→ **DATA SHOWN**
----

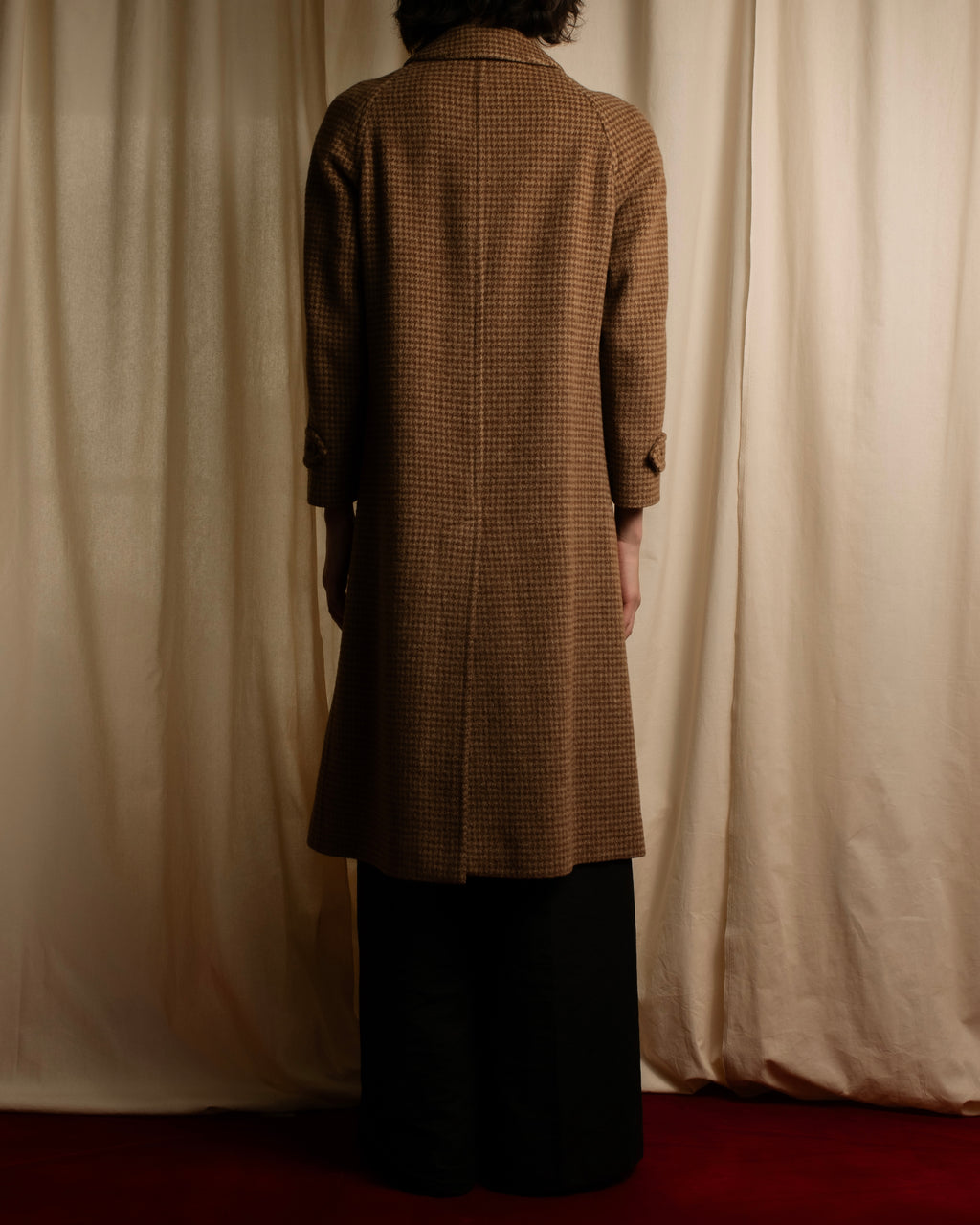 "BURBERRYS" Houndstooth pattern belted stand collar coat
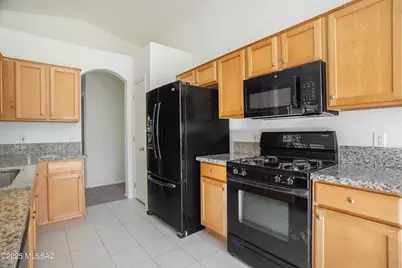 7871 W Sacramento Hill Drive, Tucson, AZ 85743 - Photo 16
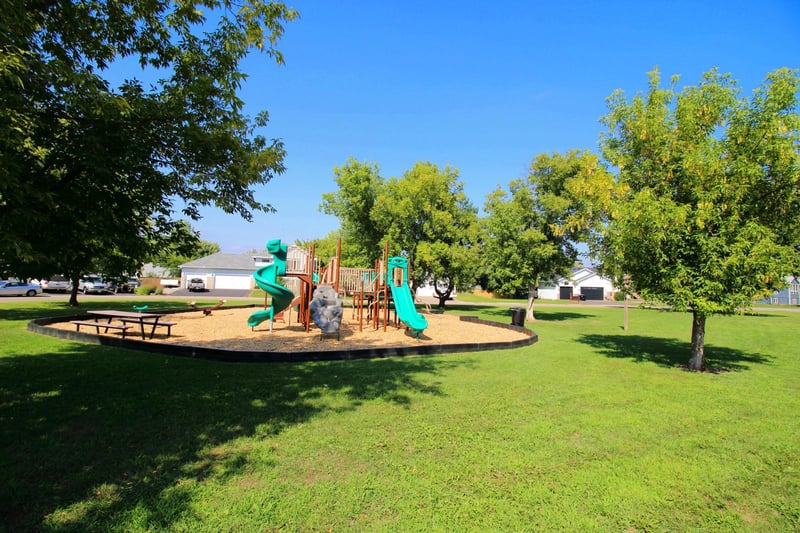 1058 241st Ln NE, East Bethel, MN 55005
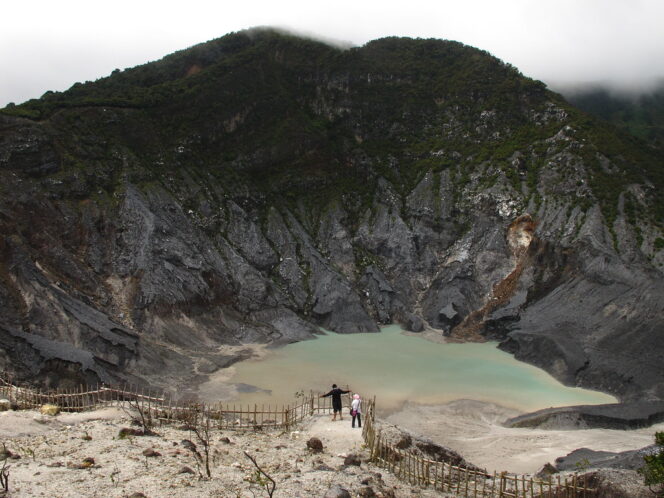 
 Kawah Terindah di Indonesia yang Wajib Dikunjungi, Dijamin Tidak Akan Menyesal!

----

→ **TASK BRIEF**
The whole of the data needs to be copied word for word, though not its pictures.

→ **OUTPUT**
 "BURBERRYS" Houndstooth pattern belted stand collar coat
 7871 W Sacramento Hill Drive, Tucson, AZ 85743 - Photo 16
 1058 241st Ln NE, East Bethel, MN 55005
 Kawah Terindah di Indonesia yang Wajib Dikunjungi, Dijamin Tidak Akan Menyesal!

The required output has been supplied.